1) Check the start time of the session you are interested in. All sessions are shown in UTC.
2) Calculate your local time (https://www.worldtimebuddy.com/) 
3) Click on the Zoom link a minute or two before the session is set to start. 
Session 1 @ 5:00 UTC

SSF tenure rights in Indonesia and the Philippines

What is the role of small-scale fishers and indigenous fisherfolk in food security, employment generation and cultural solidarity? These are the key questions that our community-based practitioners from Indonesia and the Philippines will try to answer in a virtual online session of the Pangingisda Natin Gawing Tama (PaNaGaT) network, a loose coalition of NGOs and fisherfolk organizations. Small-scale fishers and indigenous fisherfolk are indeed important sectors in our society as our conversation will highlight how securing tenurial rights will help to achieve sustainable fisheries and promote indigenous knowledge and beliefs on fishing in Southeast Asia.

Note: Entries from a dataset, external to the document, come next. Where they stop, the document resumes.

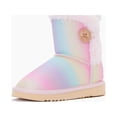 thumbnail image 2 of Weestep Wood Button Warm Shearling Winter Lightweight Snow Boots(3 Little Kid, Rainbow), 2 of 7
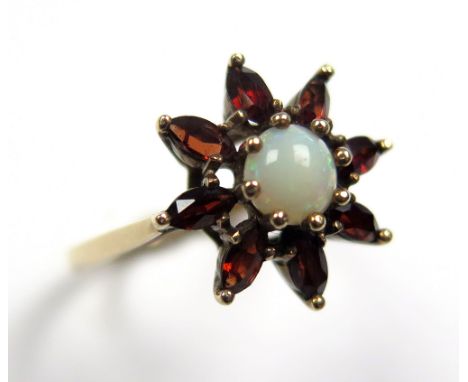 9ct Gold Garnet and Pearl Ring size O weight 2.7 grams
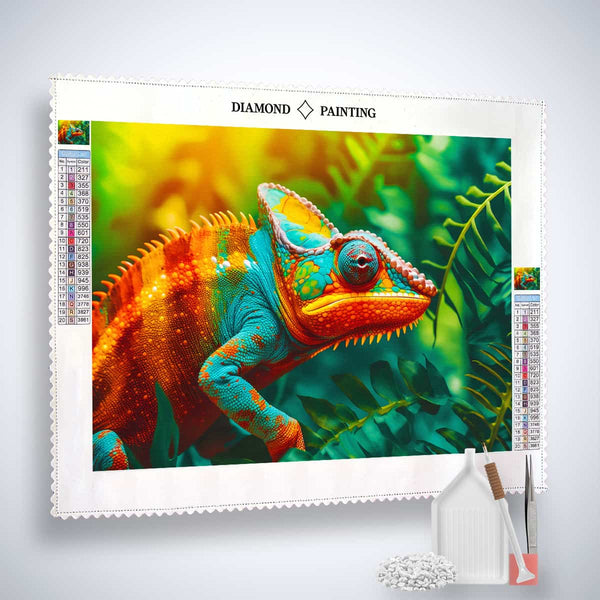 Chameleon in the rainforest — AB Diamond Painting Kit, product view 2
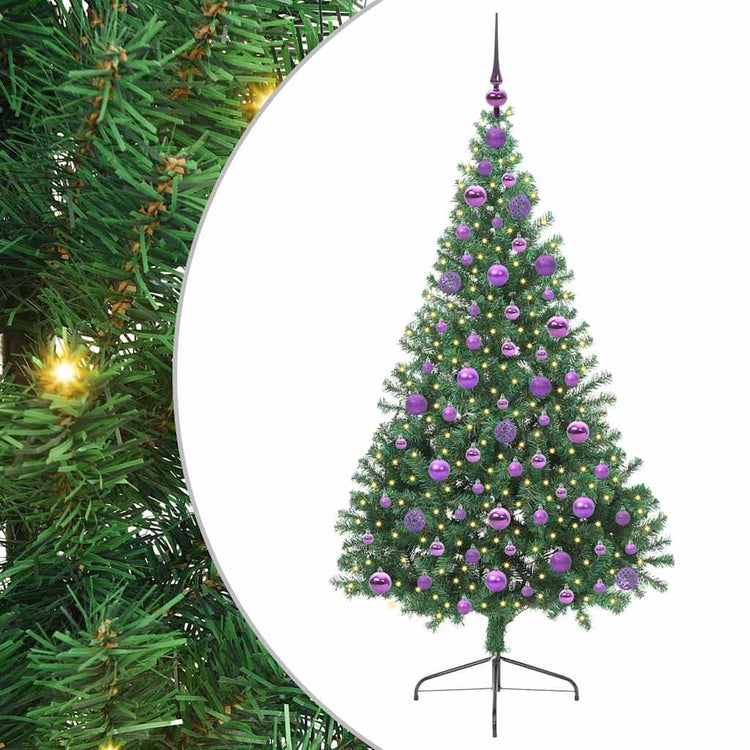 Vidaxx künstlicher, vorbeleuchteter Weihnachtsbaum mit 300 LEDs, grün, 180 cm, PVC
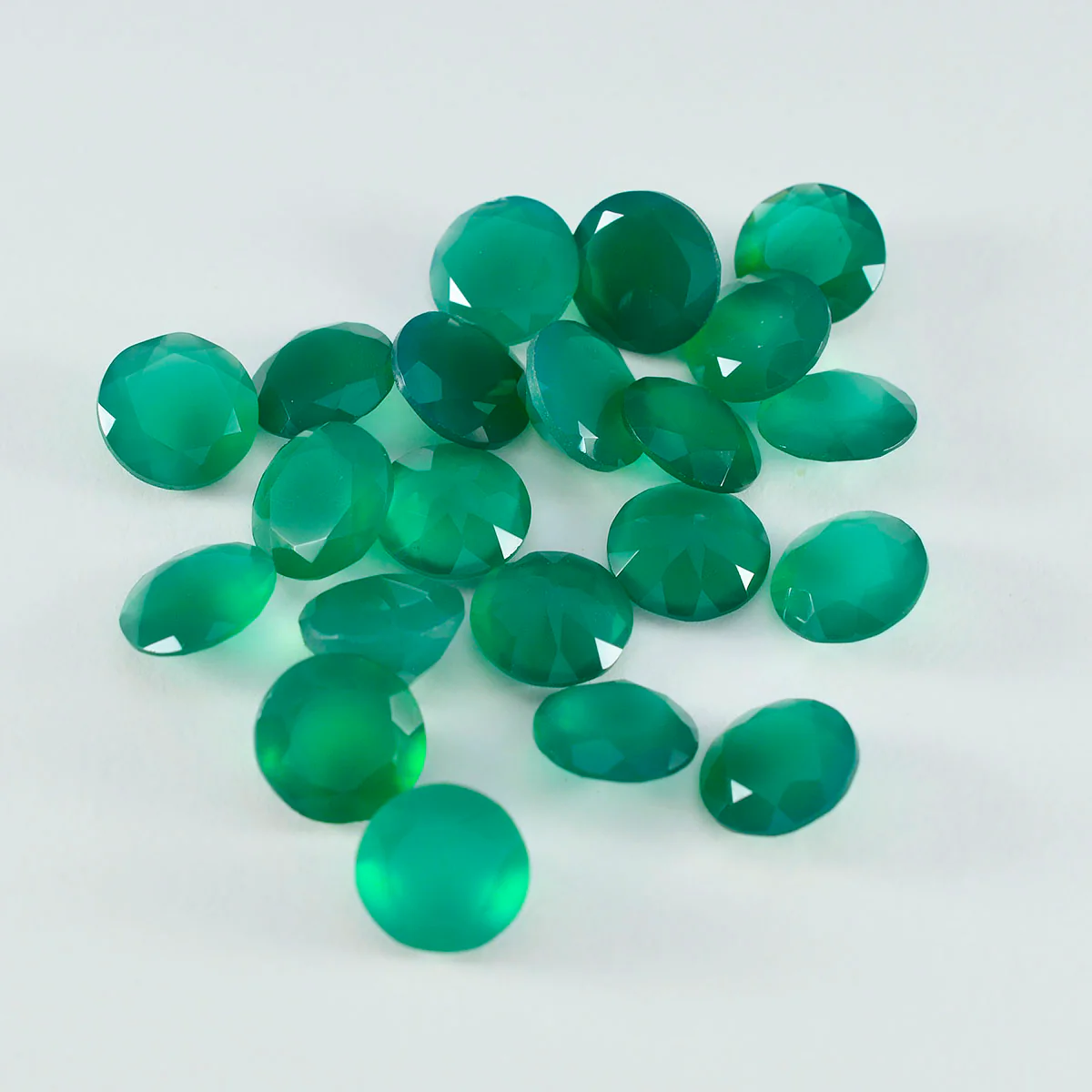 Green Onyx 1PC Small 7x7 MM Round Faceted Green Splendid Semi Precious Loose Gemstone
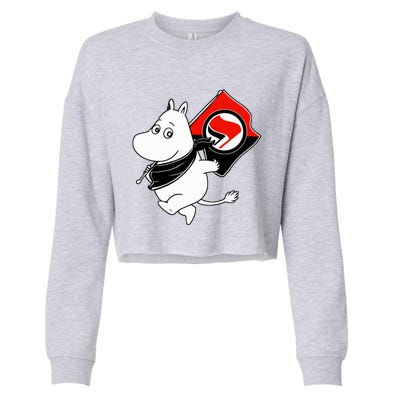 Antifa Moomin Cropped Pullover Crew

Session moderator: Dennis Calvan, Senior Manager, Rare

Panellists:

  • Abdul Halim (Executive Director,Center for Maritime Reform for Humanity, Pusat Kajian Maritim untuk Kemanusiaan, Indonesia
  • Dinna Umengan (Executive Director, Tambuyog Development Center, Convenor, PaNaGaT Network, Philippines
  • Dave de Vera, Executive Director, Philippine Association for Inter-Cultural Development

Language: English

Format: Live panel discussion

Duration: 100 minutes

Session 2 @ 7:00 UTC

A fresh look at SSF through FISH framework

Rights-based governance of SSF is an important part of Oxfam’s and our partners’ works in South and Southeast Asia. In addition to leveraging all available global and local frameworks (including SSF Guidelines and ILO Work in Fishing Convention) in our policy advocacy and community-based works in water governance and SSF, we are following a combination of other approaches that we call the ‘FISH’ framework. This discussion panel will highlight the challenges and opportunities for the FISH framework to achieve distributive and economic justice for fishers in these regions. The participants will be from Oxfam partners and allies in the civil society, academia, and the private sector.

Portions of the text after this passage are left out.